O confronto eugênico, aproveitando-se do respeito imobilista de vasto contingente populacional adepto das diretrizes sanitaristas para evitar aglomerações, extrapolou a gramática da guerra de posição nos limites dos vetores da modernidade, iconizados no regime liberal-democrático. É hora daqueles que se movem por uma “ideologia de relação de poder”, quer dizer, por um projeto político contraposto ao ensaio de guerra de manobra deflagrada pelo neofascismo – erguerem barricadas para assegurar a paz social na sociedade civil, dentro das regras do jogo e das normas procedimentais.
– Epílogo de luta
Cabe ao campo democrático-popular a necessidade de retomar as ruas, apesar das recomendações das autoridades da Saúde, para fazer emergir outra autoridade. A autoridade do povo soberano, com as imprescindíveis máscaras zapatistas de prevenção, para decidir os destinos do Estado de Direito – enfraquecido: a) pelo quietismo do PJ e do MP Federal frente à deposição injusta da presidenta Dilma Rousseff em 2016, sem crime de responsabilidade, encaminhada pelo chefe de uma verdadeira organização criminosa, interditado somente depois do trabalho sujo realizado; b) pelas adversidades da conjuntura política acirradas no fatídico ano de 2018; c) pela passividade acumpliciada do PJ e do MPF às flagrantes ilegalidades e corrupções cometidas pela Lava Jato, com auxílio prestimoso do lawfare; d) isto é, do manejo de processos jurídicos para a consecução de metas políticas, na perseguição insana ao ex-presidente Lula da Silva e ao Partido dos Trabalhadores (PT).
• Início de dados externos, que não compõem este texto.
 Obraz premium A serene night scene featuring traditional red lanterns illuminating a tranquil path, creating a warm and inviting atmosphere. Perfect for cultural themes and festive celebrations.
Atitudes, tais, que fragilizaram as instituições do Estado de Direito Democrático, os defensores da árdua caminhada civilizacional e, portanto, os valores que poderiam robustecer um ideal de República na direção da liberdade com igualdade.
Para encerrar, fica o apelo à reflexão militante do leque da esquerda e de todo o espectro democrata, tendo por fundamento histórico-conjuntural um mesmo paradigma sistêmico. Para que as ruas e as praças voltem a ser apropriadas pelas mobilizações progressistas, libertárias, igualitárias. Na medida do possível, abrindo clareiras de entendimento e sólidas alianças antineofascistas. Essa luta não tem dono. Tem, isso sim, sonhos a serem sonhados e tornados realidade. A gente não desiste.